As people were waiting for days to be rescued from rooftops and at evacuation centers, the scenes revealed to us the disgusting odor of a classist and racist society that is covered up every day by our news media, politicians, and school systems. But as people left from their houses and waded in the polluted flood waters, the crimes against humanity can not continued to be hidden. We are forced to ask, is it acceptable for the world’s superpower to be plagued with such poverty?

Many reporters on the scene said that after the flood New Orleans looked like the Third World. It looked like Haiti after a storm it had there because of the lack of governmental support for the poor. Is this what American society is all about? Underneath the cover of images of rich and famous glamour is the masses of poor people, so poor they can’t even make it out of town during a mandatory evacuation of their city. The presidency has become a façade of staged public relations affairs and propaganda photo-ops that has created a hollow presidency, so hollow he can’t react to the crisis of the poor as he cuts deals with the oil tycoons who put him into office. So, we can clearly see the crisis before us, but can we see the opportunity?

Former House speaker, Newt Gingrich, advised President Bush to quickly come up with a plan to rebuild New Orleans and the Gulf Coast needed to restore his power in Congress. "If it's done right, it adds energy to the rest of his agenda," Mr. Gingrich said. "If it's done wrong, it swamps the rest of his agenda." Gingrich is onto something important. The opportunity is to rebuild correctly.

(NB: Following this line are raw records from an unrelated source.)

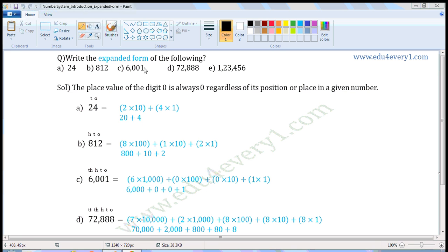Write the expanded form of the following. Some numbers are given and we have to write them in expanded form. The place value of digit 0 is always 0, regardless of its position or place in a given number. If a given number contains 0 in any place, its place value will be 0.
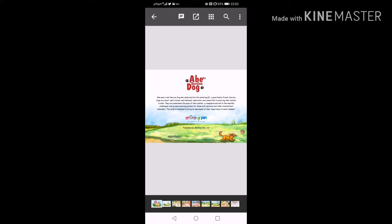Service dogs are smart, well-trained, well-behaved, dedicated and committed to ensuring their master is safe. They are sometimes the eyes of their master, a companion and aid to the mentally challenged and an early warning system for those with seizures and other intermittent disorders. This book is intended to bring an awareness of the importance to early readers.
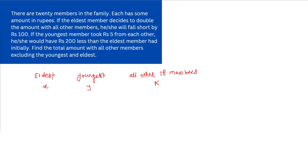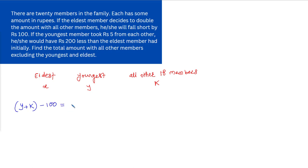The eldest member is supposed to double the amount with all other members. For example, if you are having 15 rupees, I need to give you 15 rupees to double your amount. So the eldest member must give Y plus K rupees to all other members, but he falls short by rupees 100. Therefore, X equals Y plus K minus 100.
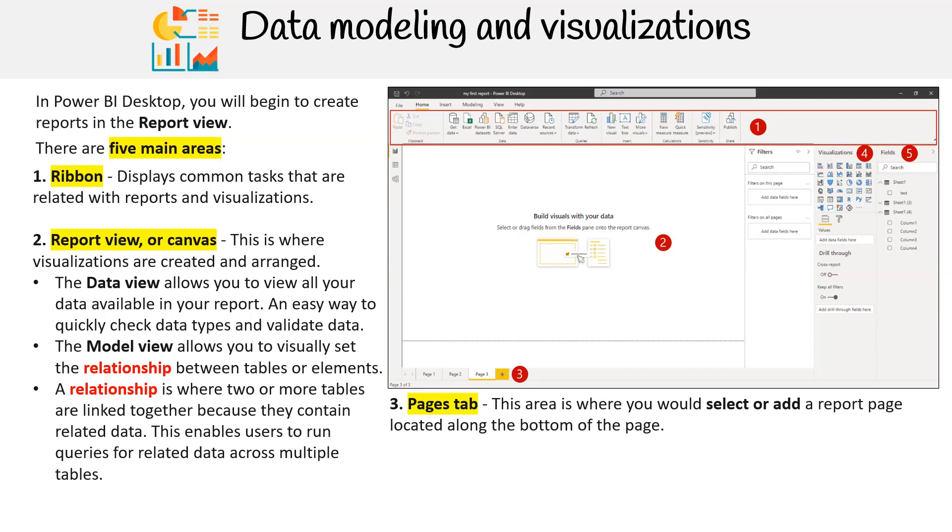The third area we have is the pages tab. This area is where you would select or add a report page, located along the bottom of the page.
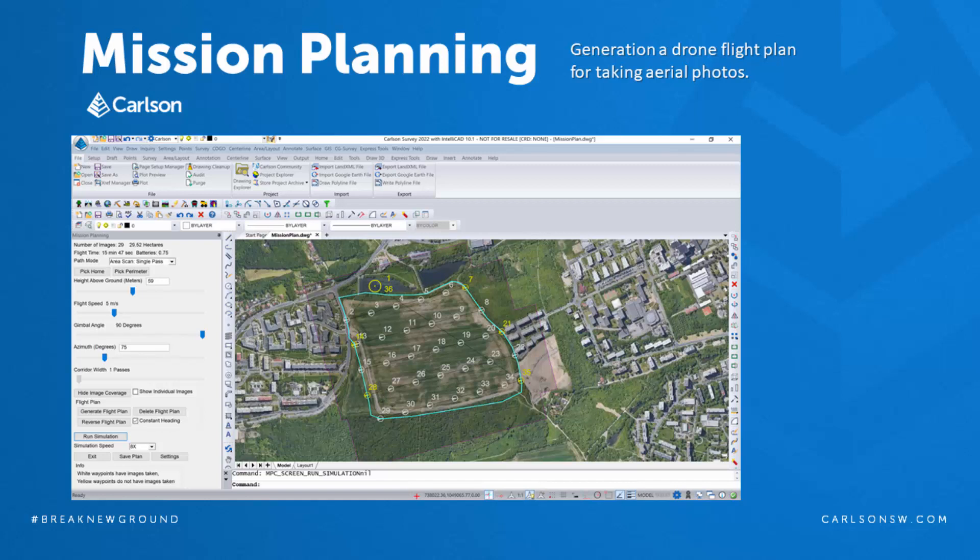Hello everyone! This video will be about a new feature in Carlson 2022, Drone Mission Planning.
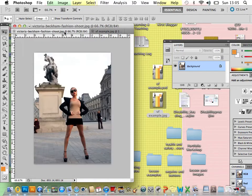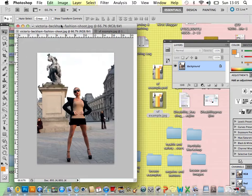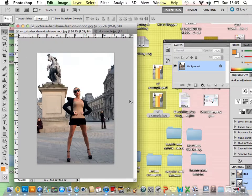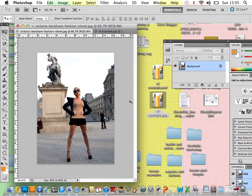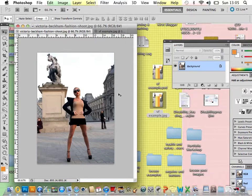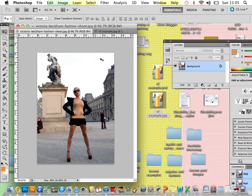The first thing that you need to do is find an image that's suitable. You might have scanned imagery, perhaps from a holiday, a beach trip, but I just googled fashion shoot and I managed to find one of Victoria Beckham in Trafalgar Square. They kind of work quite nicely.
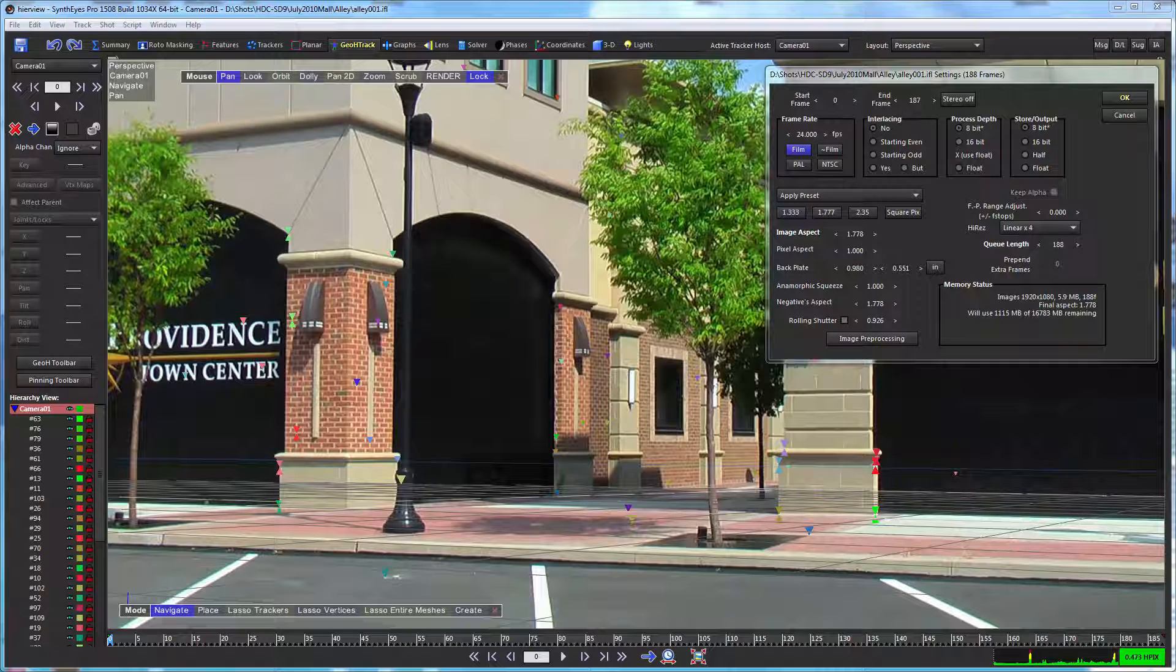Hi, this is Russ Anderson. In this tutorial, I'm going to be showing you how you can add a geometric hierarchy track into an existing 3D camera track.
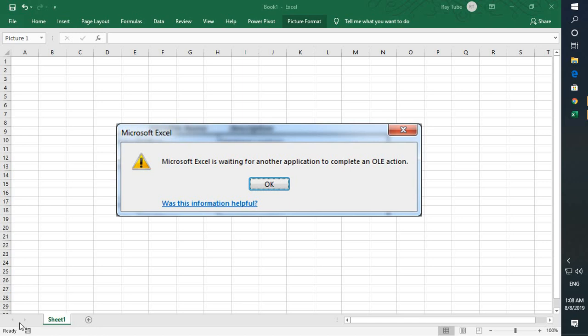Good day everyone, you're watching Radio Fixes. In today's video, I'm going to walk you through steps on how to fix the error message which says 'Microsoft Excel is waiting for another application to complete an OLE action.' This is a quick, easy, simple step which you can follow to fix this error message.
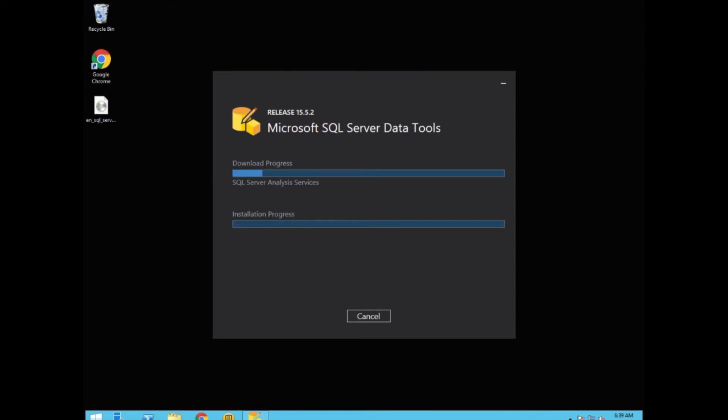This will take a while. So we'll do a little time crunching here to make sure that the video moves along quickly. The actual installation is now started. It's all done through Visual Studio.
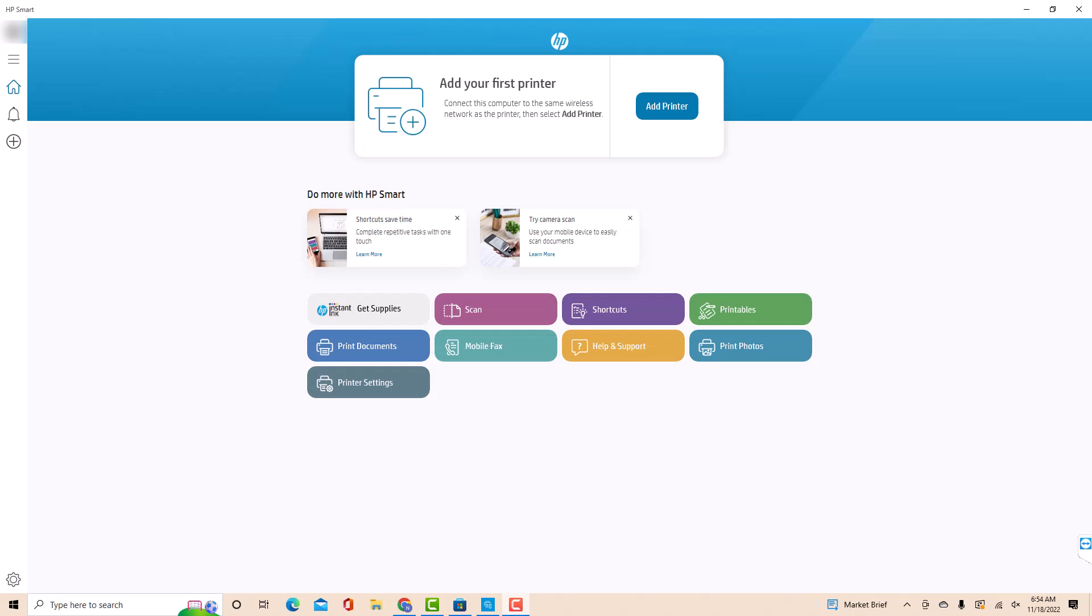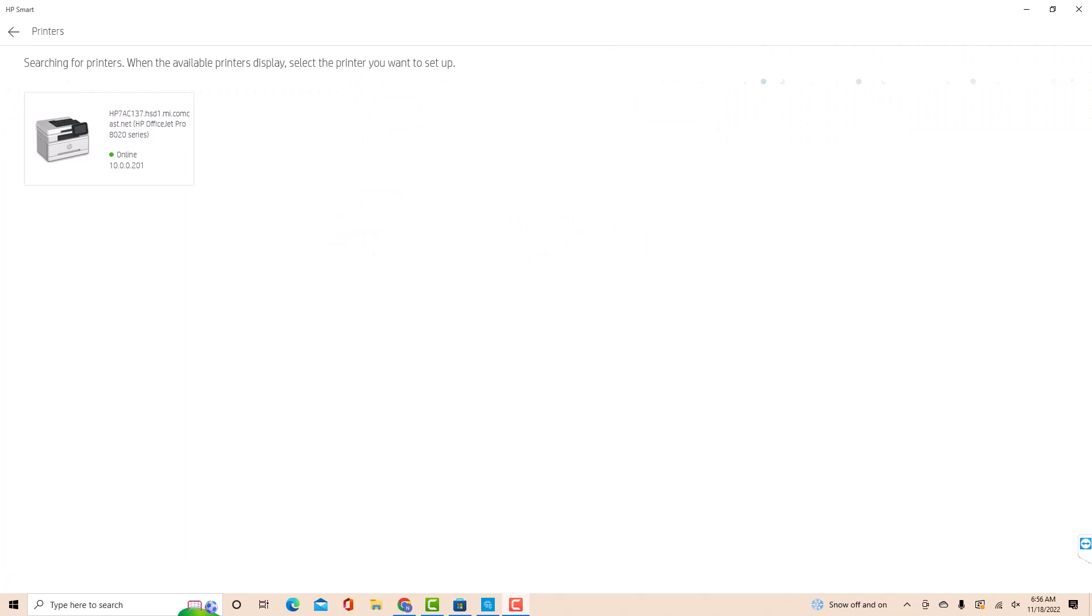Once you're signed in, you will see an option for Add Printer. Click on Add Printer. It will automatically search for the available printers. Click on the printer you wish to set up.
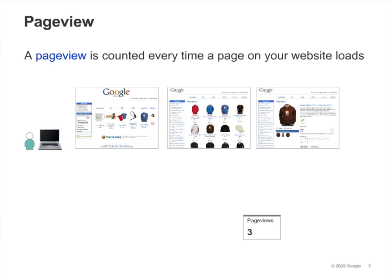In Google Analytics, a pageview is counted every time a page on your website loads. So for example, if someone comes to your site and views page A, then page B, then page A again, and then leaves your site, the total pageviews for the visit is 3.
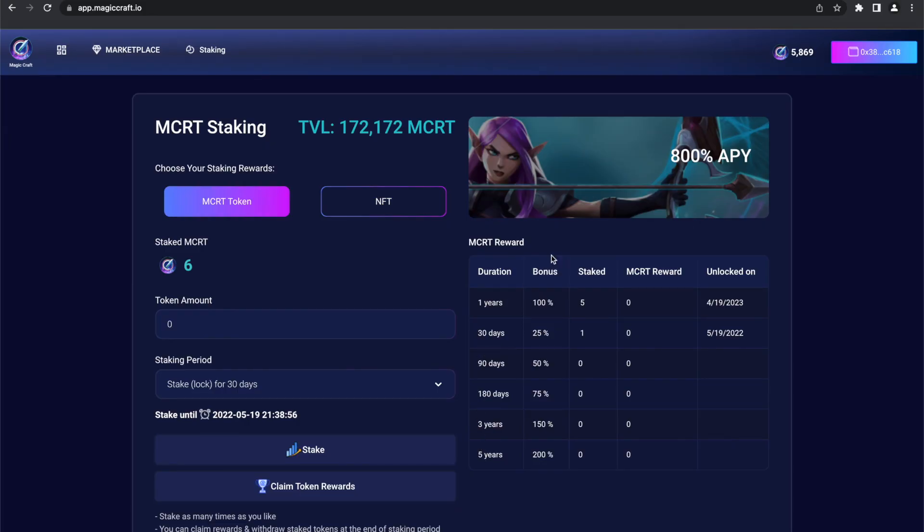In the container right here, you can see the basic APOI. And here is the bonus, which is added on top of the final reward amount and is higher the longer you stake.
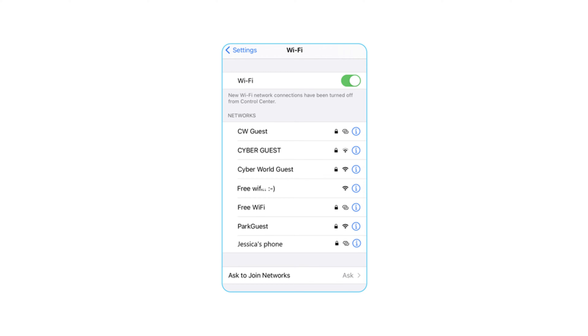There are seven networks with different names. Some have locks, which mean they require passwords. One doesn't have a lock, so it will not ask you for a password. The linked circles tell me it's a hotspot. And then there are some that have three bars or fans that represent a wireless access point. So what network seems to you like it's the most likely to be the park's guest Wi-Fi, and why? How would you find out which network is the official one?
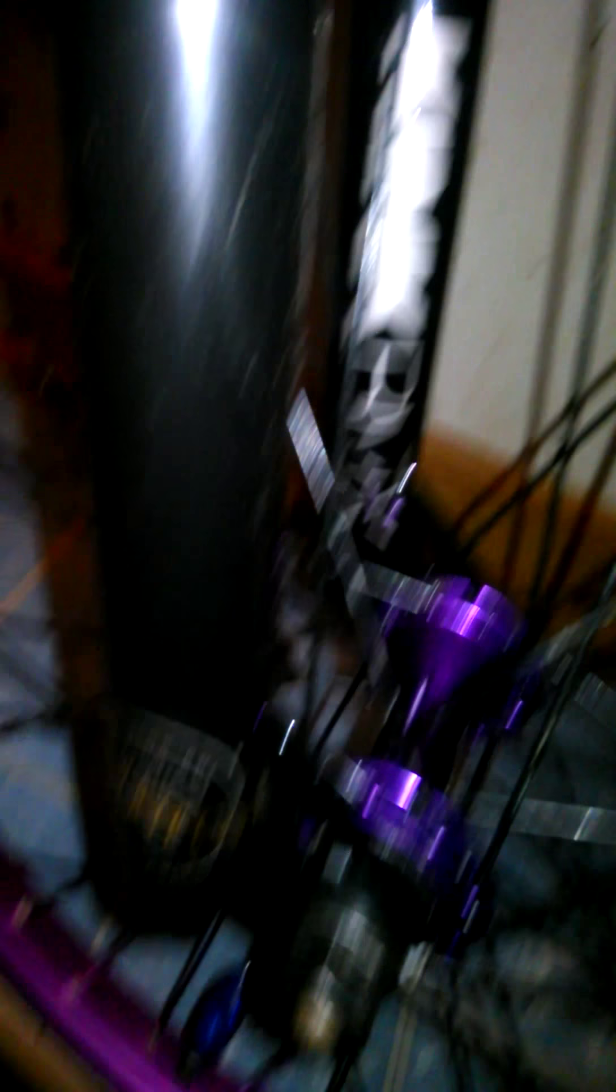I got the ODI long neck grips in purple. Kink bold top load stem. Kink striker forks.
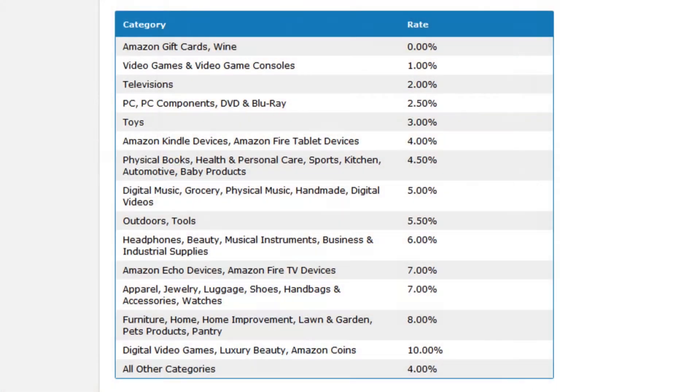It was a sliding scale depending on how much volume you did with them. Now they've changed it so it depends on the category of product you're promoting. I've got the list on my screen and I'll put it up for you in terms of what commission rates you can expect based on category. For example, the video games category now only pays out 1% commission regardless of how much volume you put through.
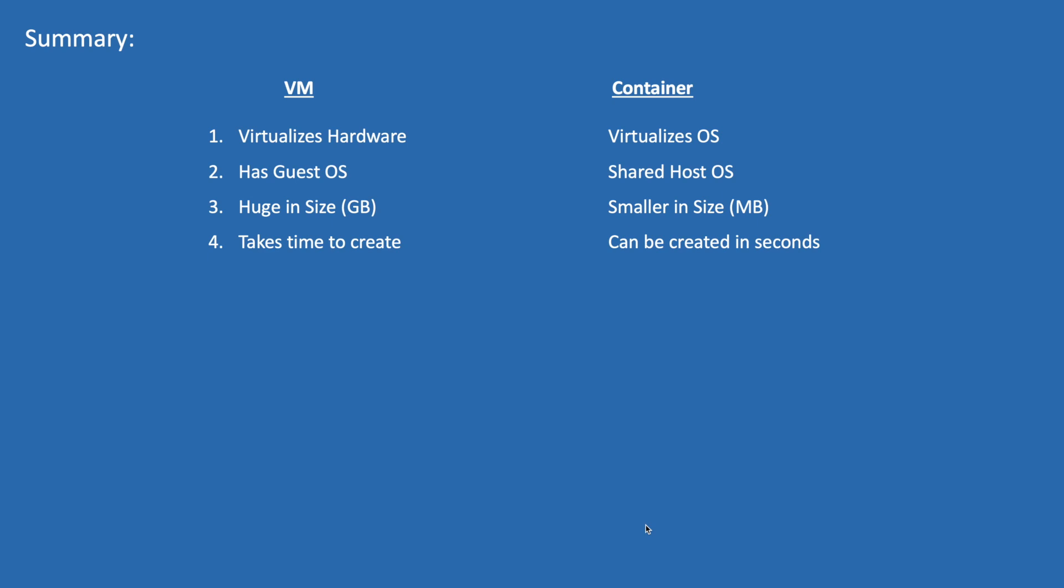VMs take time to boot up and containers can be started in seconds. VMs consume lot of resources; containers consume very few resources. I hope now you understand what a container is and how it differs from a VM. My name is Pavan Iltepu and I thank you very much for watching this video. If you liked it please share it with your friends and do not forget to subscribe to my channel. Do not miss any updates.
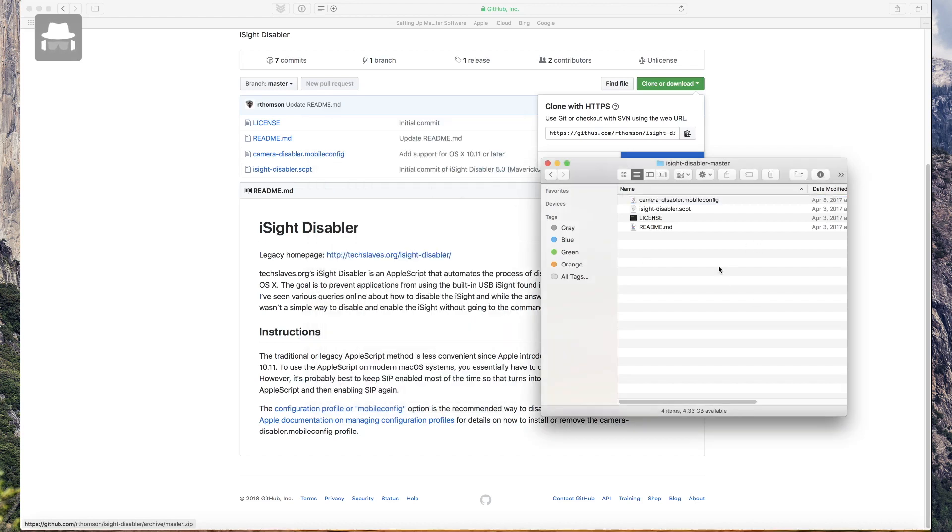If you want to enable the camera back, you have to go to the settings to Profiles and you remove this profile.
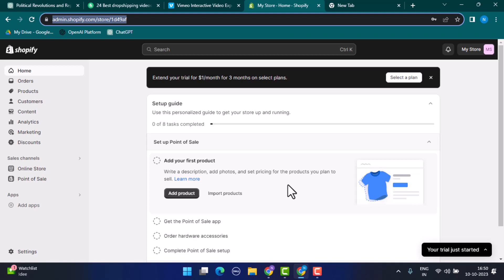Another method is Shopify theme analysis. Some themes display best-selling products on the home page or have a dedicated best sellers page. You can also browse the store directly.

But what is right way? Would it be building a city where the major transportation throughout the city relies on the automobile which the poor can not afford? Would it be to build a city that is below sea level in a hurricane zone or on an earthquake fault, or to ship radioactive wastes down the highways and on trains to a depositary site? Or to build a city that discharges toxic chemicals into the atmosphere and into the water that cause cancer? Would you design a city where the majority of workers commute on average of two hours a day in rush hour traffic?

To build something correctly is to build it with intelligent ecological design. The flood destroyed a city and exposed the design flaws and governmental failure to address these design problems. But now, we have the opportunity to build something entirely new, beautifully revolutionary and evolutionary. Our present cities were created in pieces, one building at a time with no overarching city design plan. They were developed before the invention of electricity or the automobile or telecommunications. They were built on top of the genocide of the Native Americans with slave labor of African Americans. Cities were built before the concepts of human rights and global democracy were formed. So now, the correct way to rebuild is to take all of these inventions and social concepts into consideration and see how we can design a city without poverty, one that is based on sound ecological principles, and one that socially liberating where no genius is wasted, an ecocity where the collective vision allows for individual freedom.

Arcology uses a whole-systems approach to city making. What I mean by whole-systems approach is that every field of knowledge needs to be represented in the decision making process so that we know how every branch of knowledge contributes to the vision of the whole. Arcology is a framework to put the pieces together in harmonious way that serves the needs of everyone.

Building arcology requires us to use innovative technologies that haven’t been tried before on this grand scale, to use solar energy in ways that don’t harm the environment. It requires us to develop a new cooperative form of business and government that produce goods and services that bring health and wealth to the biosphere. Such an opportunity doesn’t happen often, but in these moments after a major environmental crisis has destroyed an entire bioregion, it is time to begin this magnanimous, epic-making task. Constructing an arcology of love is surely a peace project, converting our resources away from waging war in the Middle East for oil and building the New Jerusalem of solar energy at home. It is time to come home, yes, it is time that all of us peace-loving refugees to crystallize the arcology of love.